Since our features are continuous, we assume they follow a Gaussian distribution. We need a function to calculate the probability density of a given data point `x` for a class with a specific mean (`mu`) and standard deviation (`std`).

The formula for the Gaussian Probability Density Function (PDF) is:
$$ P(x | \mu, \sigma) = \frac{1}{\sqrt{2\pi\sigma^2}} e^{-\frac{(x-\mu)^2}{2\sigma^2}} $$

In [2]:
def gaussian_prob(x, mu, std):
    """
    Calculates the probability of x for a given mean and standard deviation,
    assuming a Gaussian distribution.
    """
    # Note: The original code had a small error in the formula's constant (missing sqrt).
    # The corrected formula is used here for accuracy, though the original logic's outcome remains the same
    # because the constant term cancels out when comparing probabilities.
    exponent = math.exp(-((x - mu) ** 2) / (2 * (std ** 2)))
    return (1 / (math.sqrt(2 * math.pi) * std)) * exponent

### 3. The Bayesian Classifier Function

This is the core of our classifier. It uses Bayes' Theorem to find the probability of a class (Heart Disease or No Heart Disease) given the input data.

**Bayes' Theorem:**
$$ P(C|X) = \frac{P(X|C) \cdot P(C)}{P(X)} $$

Where:
- $P(C|X)$ is the **posterior probability**: the probability of class `C` given the data `X`.
- $P(X|C)$ is the **likelihood**: the probability of data `X` given the class `C`.
- $P(C)$ is the **prior probability**: the overall probability of class `C`.
- $P(X)$ is the **evidence**: the overall probability of the data `X`.

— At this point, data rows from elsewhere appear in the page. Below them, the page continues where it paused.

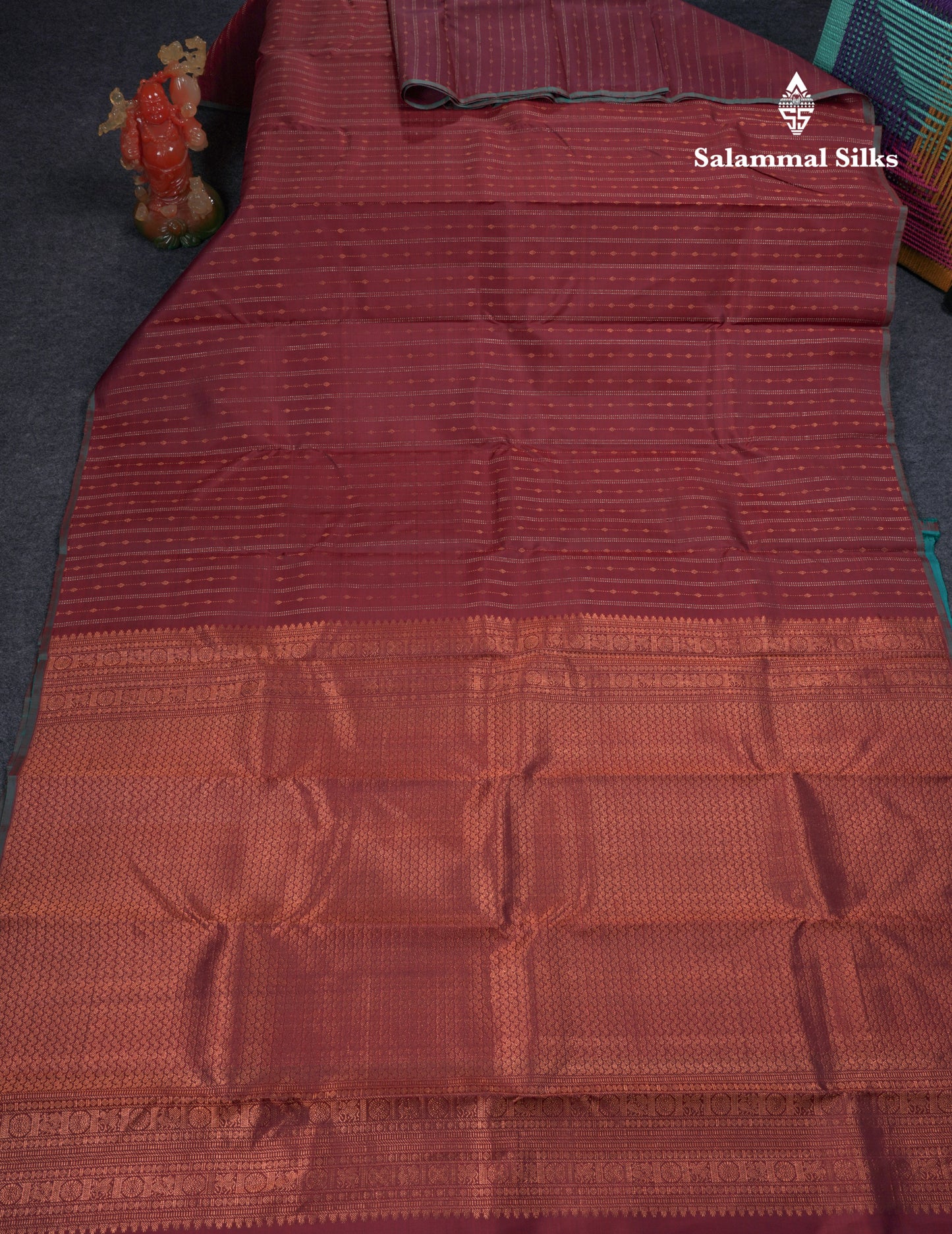 Beautiful Dark Maroon Fancy Pure Kanjivaram Silk Saree With Contrast Peacock Green Blouse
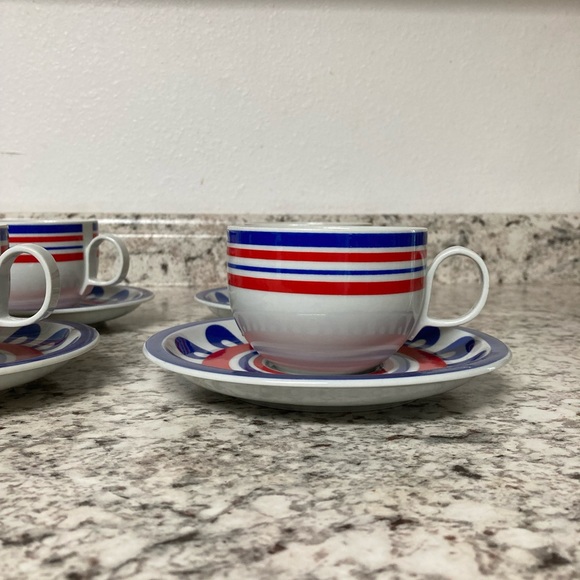 Set of 4 Block China Portugal cups, saucers - Picture 3 of 4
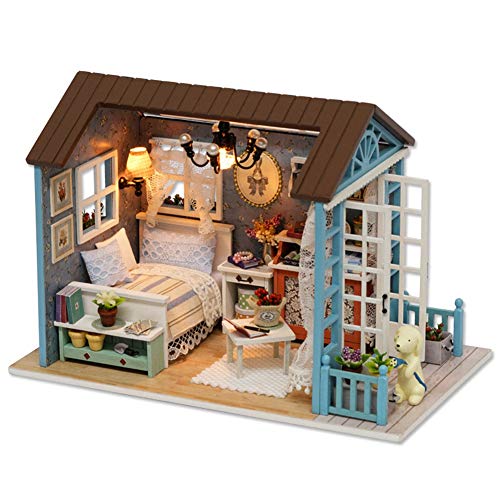 Kit meubles de maison de poupée en bois de haute précision avec éclairage LED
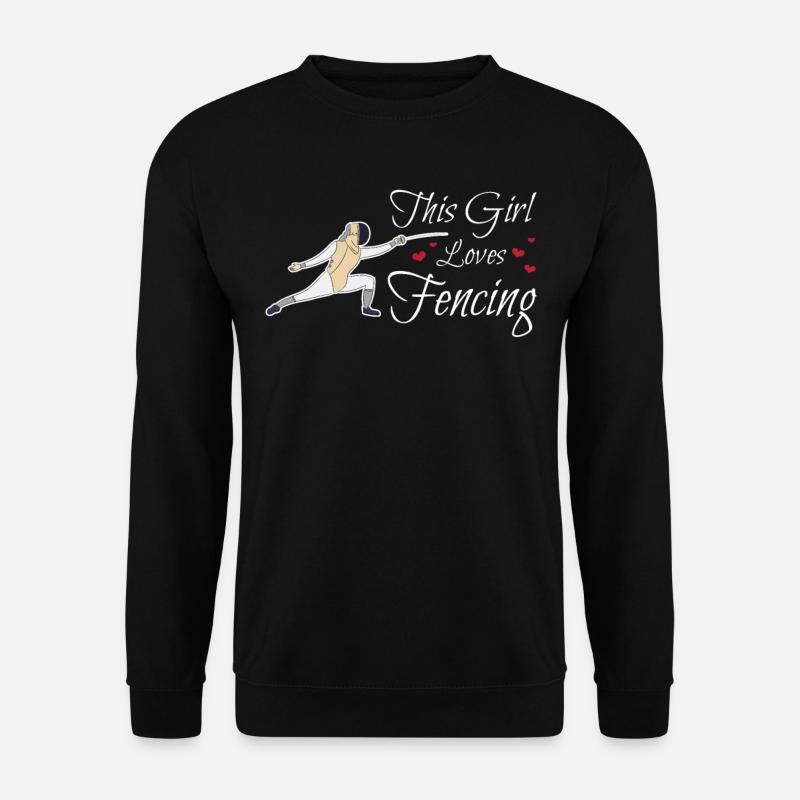 Dieses Mädchen mag Sport-Fechter-Geschenk-Degen fechten - Unisex Pullover - Schwarz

Since $P(X)$ is the same for all classes, we can ignore it and compare $P(X|C) \cdot P(C)$ for each class.
To avoid numerical underflow (multiplying many small probabilities), we work with logarithms. The calculation becomes:
$$ \log(P(C|X)) \propto \log(P(X|C)) + \log(P(C)) $$

In [3]:
def bayesian_classifier(heart_disease, collected_data, given_data):
    """
    Classifies given data based on Naive Bayes algorithm.
    
    Args:
        heart_disease (list): A list of all target labels (0s and 1s).
        collected_data (list): A nested list of feature data separated by class.
        given_data (list): The new data point to classify [cholesterol, max_hr, resting_bp].
    
    Returns:
        list: A list containing the log posterior probabilities for each class.
    """
    
    # Calculate the prior probability for each class (0 and 1).
    # P(class) = (Number of samples in class) / (Total number of samples)
    prior = [heart_disease.count(0) / len(heart_disease),  # Prior for Class 0 (No Disease)
             heart_disease.count(1) / len(heart_disease)]  # Prior for Class 1 (Disease)
    
    # Take the log of the priors to simplify future calculations (addition instead of multiplication).
    log_prior = np.log(prior)

    # The "Naive" assumption: We assume all features are independent of each other given the class.
    # So, P(X|C) = P(feature1|C) * P(feature2|C) * P(feature3|C)
    # We calculate the likelihood for each class.
    likelihoods = [
        # Likelihood for Class 0 (No Disease)
        gaussian_prob(given_data[0], np.mean(collected_data[0][0]), np.std(collected_data[0][0])) * # Cholesterol
        gaussian_prob(given_data[1], np.mean(collected_data[1][0]), np.std(collected_data[1][0])) * # MaxHR
        gaussian_prob(given_data[2], np.mean(collected_data[2][0]), np.std(collected_data[2][0])),  # RestingBP
        
        # Likelihood for Class 1 (Disease)
        gaussian_prob(given_data[0], np.mean(collected_data[0][1]), np.std(collected_data[0][1])) * # Cholesterol
        gaussian_prob(given_data[1], np.mean(collected_data[1][1]), np.std(collected_data[1][1])) * # MaxHR
        gaussian_prob(given_data[2], np.mean(collected_data[2][1]), np.std(collected_data[2][1]))   # RestingBP
    ]
    
    # Take the log of the likelihoods.
    log_likelihoods = np.log(likelihoods)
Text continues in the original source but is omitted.